### WHAT YOU SHOULD DO
The answer is the line with "电竞荣耀与奥运梦想碰撞：探索奥林匹克电竞运动会新纪元" and every line after it to the end of the listing, retyped exactly. Pictures do not belong in it.

### INPUT MATERIAL
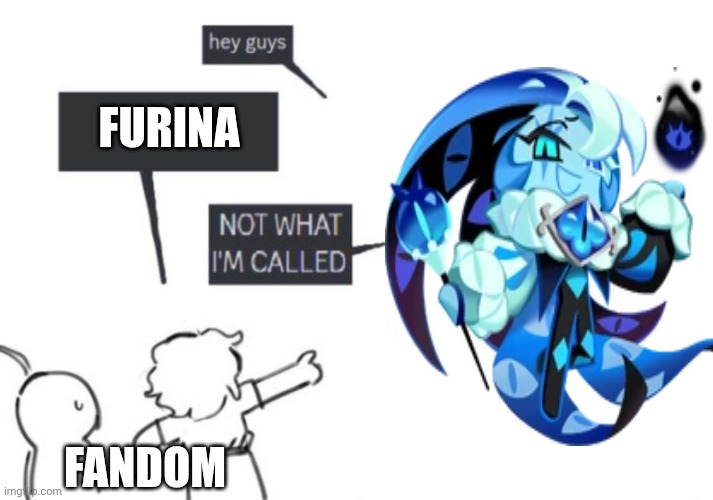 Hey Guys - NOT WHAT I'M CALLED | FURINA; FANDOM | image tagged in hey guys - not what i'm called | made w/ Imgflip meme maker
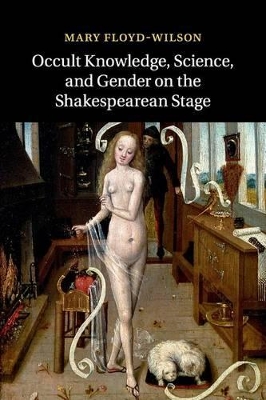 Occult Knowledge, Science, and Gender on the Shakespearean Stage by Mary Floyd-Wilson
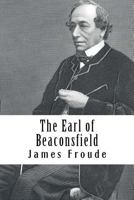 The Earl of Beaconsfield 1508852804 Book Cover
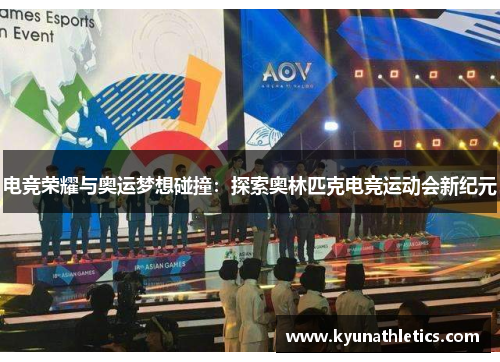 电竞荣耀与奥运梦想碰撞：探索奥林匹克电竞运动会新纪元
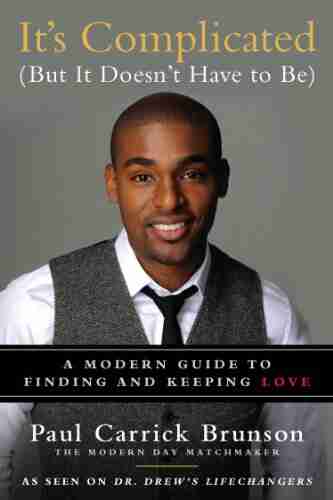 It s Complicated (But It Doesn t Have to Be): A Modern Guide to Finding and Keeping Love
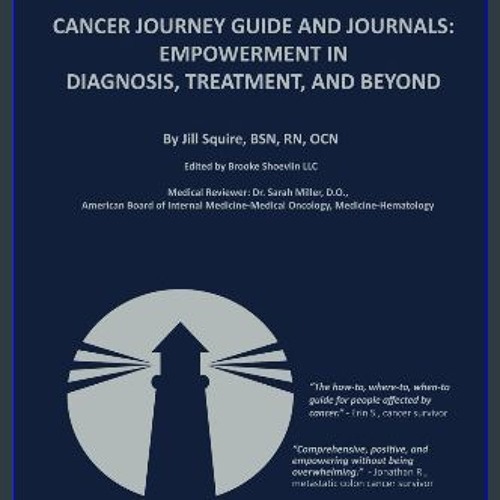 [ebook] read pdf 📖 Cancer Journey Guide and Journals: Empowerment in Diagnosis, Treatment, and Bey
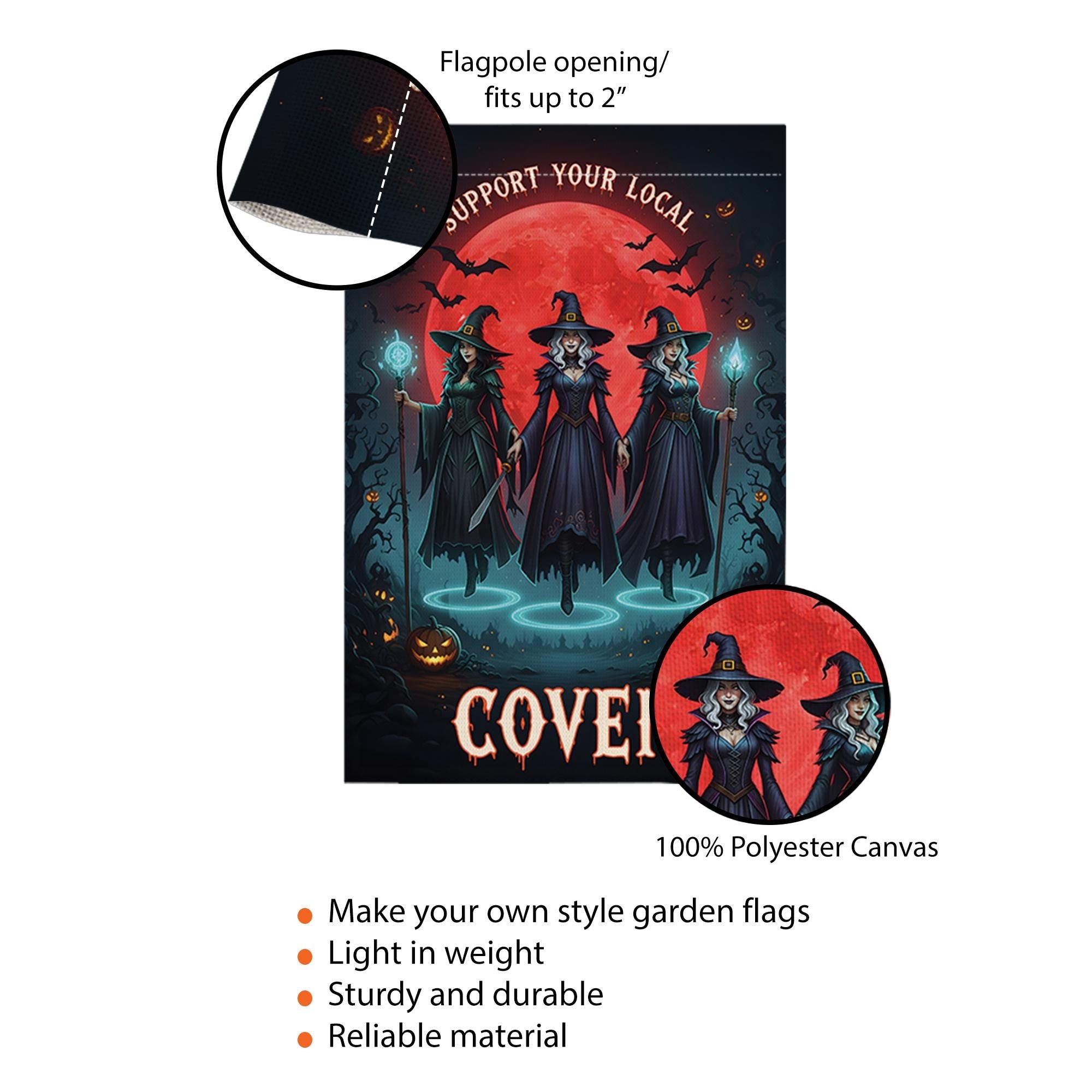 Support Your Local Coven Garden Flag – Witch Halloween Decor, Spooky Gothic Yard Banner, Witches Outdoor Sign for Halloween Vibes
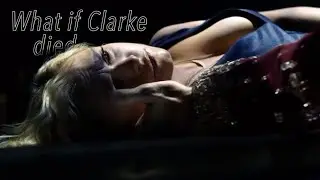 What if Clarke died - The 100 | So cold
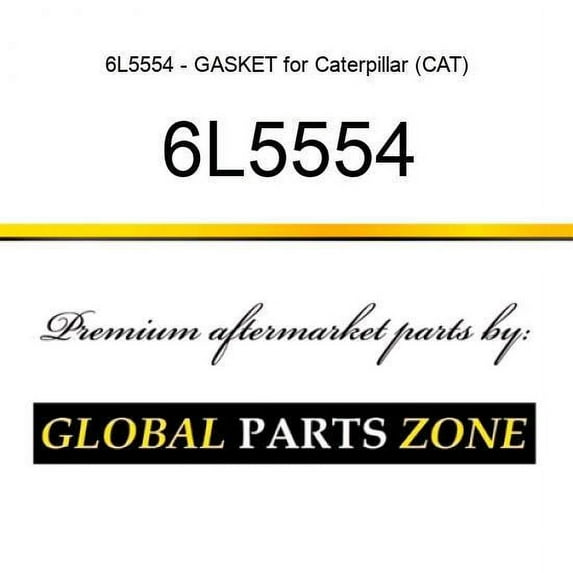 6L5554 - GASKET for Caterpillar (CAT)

### ANSWER
 电竞荣耀与奥运梦想碰撞：探索奥林匹克电竞运动会新纪元
 It s Complicated (But It Doesn t Have to Be): A Modern Guide to Finding and Keeping Love
 [ebook] read pdf 📖 Cancer Journey Guide and Journals: Empowerment in Diagnosis, Treatment, and Bey
 Support Your Local Coven Garden Flag – Witch Halloween Decor, Spooky Gothic Yard Banner, Witches Outdoor Sign for Halloween Vibes
 What if Clarke died - The 100 | So cold
 6L5554 - GASKET for Caterpillar (CAT)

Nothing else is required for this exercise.